Elly: Browse The Strips

Friday, May 23, 2014

Lynn's Comments: I actually did make two meals one for me on a diet and one for my family--who wanted more substantial grub. The hard part was cleaning up their leftovers and not swilling down the lot!

Saturday, May 24, 2014

Lynn's Comments: My mother didn't like me drinking out of the water faucet in the bathroom sink. She told me that there were snakes in the water pipes and they laid eggs in the water, so I had to look at the water in the glass to make sure there were no eggs in it. If I drank directly out of the faucet and swallowed the eggs, well--snakes would grow in my stomach and come wriggling out of my nose! It worked. I stopped drinking out of the faucet and looked for eggs in every glass of water I poured. I still think of this when I get a glass of water. The "power of suggestion" is power, indeed!

Monday, May 26, 2014

Lynn's Comments: Having moved to a more southerly clime, we were able to grow real plants! I went crazy finding ornamental trees and flowering perennials to fill our garden. I dug and I trimmed. The job was bigger than I had imagined, so I hired a lady to help me. She would arrive with her young children in tow; I'd feed and water them while she did the same for the garden. Eventually, we had a beautiful place to live, surrounded by pine forests and open fields.

Tuesday, May 27, 2014

Lynn's Comments: Begonias do very well here, and the blossoms can grow to an amazing size. Aaron and Katie liked to break them off and bring them in, along with the ants that infested them!

Wednesday, May 28, 2014

Lynn's Comments: Another actual quote from the man himself. He complained that I used the lines he didn't like and ignored the lines he did.

Saturday, May 31, 2014

Lynn's Comments: This is another true-to-life moment--and it took cleanser and elbow grease to remove the imprint of the ball from the patio table.

Sunday, June 1, 2014

Lynn's Comments: My mother had a day of the week for laundry. Rain or shine, she washed on Wednesday, and there was an order to the way she hung the clothes on the line. Sheets, towels, and good clothing was hung first--so it could be seen and appreciated by the neighbours. Underwear and things not meant for public scrutiny were hung closer to the house. These things were easily reached by standing on the rungs of our porch railing, and often fell prey to my brother--whose pranks with Mom's unmentionables were legendary.

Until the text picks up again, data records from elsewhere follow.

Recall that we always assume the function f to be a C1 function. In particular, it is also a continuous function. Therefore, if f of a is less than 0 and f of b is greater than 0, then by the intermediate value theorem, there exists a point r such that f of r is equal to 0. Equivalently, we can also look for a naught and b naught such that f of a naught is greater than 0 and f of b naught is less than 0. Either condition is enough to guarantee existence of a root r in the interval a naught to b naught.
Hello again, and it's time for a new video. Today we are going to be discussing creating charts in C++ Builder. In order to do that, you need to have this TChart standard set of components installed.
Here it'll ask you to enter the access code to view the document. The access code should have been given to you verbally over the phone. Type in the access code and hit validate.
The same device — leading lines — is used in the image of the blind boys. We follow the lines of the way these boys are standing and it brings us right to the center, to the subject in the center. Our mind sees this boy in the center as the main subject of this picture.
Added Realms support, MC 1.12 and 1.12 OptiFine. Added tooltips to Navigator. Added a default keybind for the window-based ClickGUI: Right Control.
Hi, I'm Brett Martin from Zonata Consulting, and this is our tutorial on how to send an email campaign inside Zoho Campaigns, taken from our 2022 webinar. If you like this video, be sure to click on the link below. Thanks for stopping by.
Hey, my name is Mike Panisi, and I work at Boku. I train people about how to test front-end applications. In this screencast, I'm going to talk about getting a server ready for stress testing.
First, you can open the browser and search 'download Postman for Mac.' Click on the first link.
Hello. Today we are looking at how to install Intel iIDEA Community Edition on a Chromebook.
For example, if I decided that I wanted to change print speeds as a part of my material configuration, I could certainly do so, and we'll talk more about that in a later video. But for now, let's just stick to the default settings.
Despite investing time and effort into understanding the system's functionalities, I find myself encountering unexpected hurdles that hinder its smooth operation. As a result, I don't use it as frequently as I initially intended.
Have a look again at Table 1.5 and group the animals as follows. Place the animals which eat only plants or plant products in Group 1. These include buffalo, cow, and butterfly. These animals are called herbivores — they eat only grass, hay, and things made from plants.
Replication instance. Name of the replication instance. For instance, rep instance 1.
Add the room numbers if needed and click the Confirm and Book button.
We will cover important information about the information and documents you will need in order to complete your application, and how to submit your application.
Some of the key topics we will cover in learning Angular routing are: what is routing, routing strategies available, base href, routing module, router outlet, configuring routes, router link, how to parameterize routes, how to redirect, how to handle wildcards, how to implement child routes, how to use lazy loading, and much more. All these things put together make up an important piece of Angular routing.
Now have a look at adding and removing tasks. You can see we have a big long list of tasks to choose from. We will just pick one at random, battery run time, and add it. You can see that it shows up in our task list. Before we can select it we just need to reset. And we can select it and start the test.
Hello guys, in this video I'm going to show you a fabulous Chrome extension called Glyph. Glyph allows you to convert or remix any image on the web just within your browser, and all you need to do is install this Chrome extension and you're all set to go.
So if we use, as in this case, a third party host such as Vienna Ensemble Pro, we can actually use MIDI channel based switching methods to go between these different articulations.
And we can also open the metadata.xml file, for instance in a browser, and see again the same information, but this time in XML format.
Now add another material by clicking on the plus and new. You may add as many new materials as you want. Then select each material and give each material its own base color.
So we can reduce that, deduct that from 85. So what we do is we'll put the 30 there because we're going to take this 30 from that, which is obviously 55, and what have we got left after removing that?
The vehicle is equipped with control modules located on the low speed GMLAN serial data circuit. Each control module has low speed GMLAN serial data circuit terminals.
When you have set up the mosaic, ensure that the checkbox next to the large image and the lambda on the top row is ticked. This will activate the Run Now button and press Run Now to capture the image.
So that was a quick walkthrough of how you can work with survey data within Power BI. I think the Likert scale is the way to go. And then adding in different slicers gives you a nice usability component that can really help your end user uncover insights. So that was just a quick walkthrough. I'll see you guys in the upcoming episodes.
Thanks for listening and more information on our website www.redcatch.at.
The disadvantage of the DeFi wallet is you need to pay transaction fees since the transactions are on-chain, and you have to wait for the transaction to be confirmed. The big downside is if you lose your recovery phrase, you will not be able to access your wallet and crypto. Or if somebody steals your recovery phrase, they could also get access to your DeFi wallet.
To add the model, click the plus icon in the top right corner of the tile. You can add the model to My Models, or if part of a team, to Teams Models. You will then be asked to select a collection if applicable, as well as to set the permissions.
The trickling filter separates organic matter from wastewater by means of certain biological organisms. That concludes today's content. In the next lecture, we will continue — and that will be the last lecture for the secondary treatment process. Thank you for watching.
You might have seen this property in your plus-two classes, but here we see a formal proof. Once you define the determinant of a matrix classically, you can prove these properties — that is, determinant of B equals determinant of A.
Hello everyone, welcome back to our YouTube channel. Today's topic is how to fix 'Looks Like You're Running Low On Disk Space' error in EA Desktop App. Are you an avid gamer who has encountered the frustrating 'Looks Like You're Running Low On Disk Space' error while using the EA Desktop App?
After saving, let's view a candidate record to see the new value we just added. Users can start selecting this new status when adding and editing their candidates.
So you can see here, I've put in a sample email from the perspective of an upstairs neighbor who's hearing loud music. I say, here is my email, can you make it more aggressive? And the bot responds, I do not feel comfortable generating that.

After our neighbour's big dog, Teddy, died, their daughter, Tootie (our babysitter), bought a small fuzzy pup, which she called "Noby"--short for "Nobody." Noby was a sweet, easygoing little pooch who put up with just about anything the local kids would do to her. One day, Alan decided to dress her up in Mom's underwear. Noby dutifully stood still while bra and panties were administered. Al expected a wild struggle for freedom, but Noby stood still. Frustrated by the lack of action, Al lifted Noby up and placed her inside a sheet, which had been doubled so it could hang on the lower line. Noby went crazy. She squirmed and howled, and we worried that she'd tear the sheet open. Tootie soon came to her rescue. She pulled Noby out of the sheet, cuffed my brother on the side of his head, threw the bra and panties on the lawn, and went home.

I picked up the underwear and put it back on the line. The sheet was left to dry. Later, when Mom pulled in the laundry, I watched as she folded it. When she got to the underwear, she frowned, wondered why it looked unwashed, but kept on folding. Then she reached for the sheet. There in the middle was a mess of dirt and dog hair. Mom looked at me and said, "Where's your brother?" Alan, of course, was gone. I was close at hand and received the brunt of her wrath. After a thorough tongue-lashing, I was sent to my room--Al had to wait. Nothing was said when he came home, and I was furious. I thought I had taken the blame for everything! Later that evening it was clear that justice prevailed. When Al pulled the blankets back on his bed, there was the dirty sheet. Grossed out and grumbling, he slept on it for a week!

Monday, June 2, 2014

Lynn's Comments: I remember being so into mud pies that I really expected to taste fresh baking when I bit into them. I can even recall the taste of dirt and the feeling of sand between my teeth. I also remember putting more than one into my mouth--just to make absolutely sure it was mud.

Wednesday, June 4, 2014

Lynn's Comments: I loved the words my kids created while they were learning to speak. "Fmuffmee" was "Excuse me," "blaffoon" was "bathroom," "ice cream" was "eye-green," and so on. I wanted them to have a good vocabulary and learn the language well, but long after they grew up and spoke with clarity, I was still (to their considerable eye-rolling)--saying "fmuffmee" and "blaffoon."

Thursday, June 5, 2014

Lynn's Comments: When I was a teenaged baby sitter, I resented it when the parents who hired me came home late. Having had kids (and now being a grandma) I understand why parents want to stretch their freedom for as long as possible--and often forget the time.

Saturday, June 7, 2014

Lynn's Comments: My two and a half year old granddaughter views the potty as a torture device. Just the suggestion that she give it a try can bring on a fit. Thanks to friends' recycled mini-biffs, and cool scores at the second hand shop, we have been able to offer her a variety of receptacles: pretty colours with transparent glitter-filled seats, ones that play musical ditties, and others which display the grinning gums of familiar animated characters all thrilled to have done the job where it's supposed to be done--but no deal.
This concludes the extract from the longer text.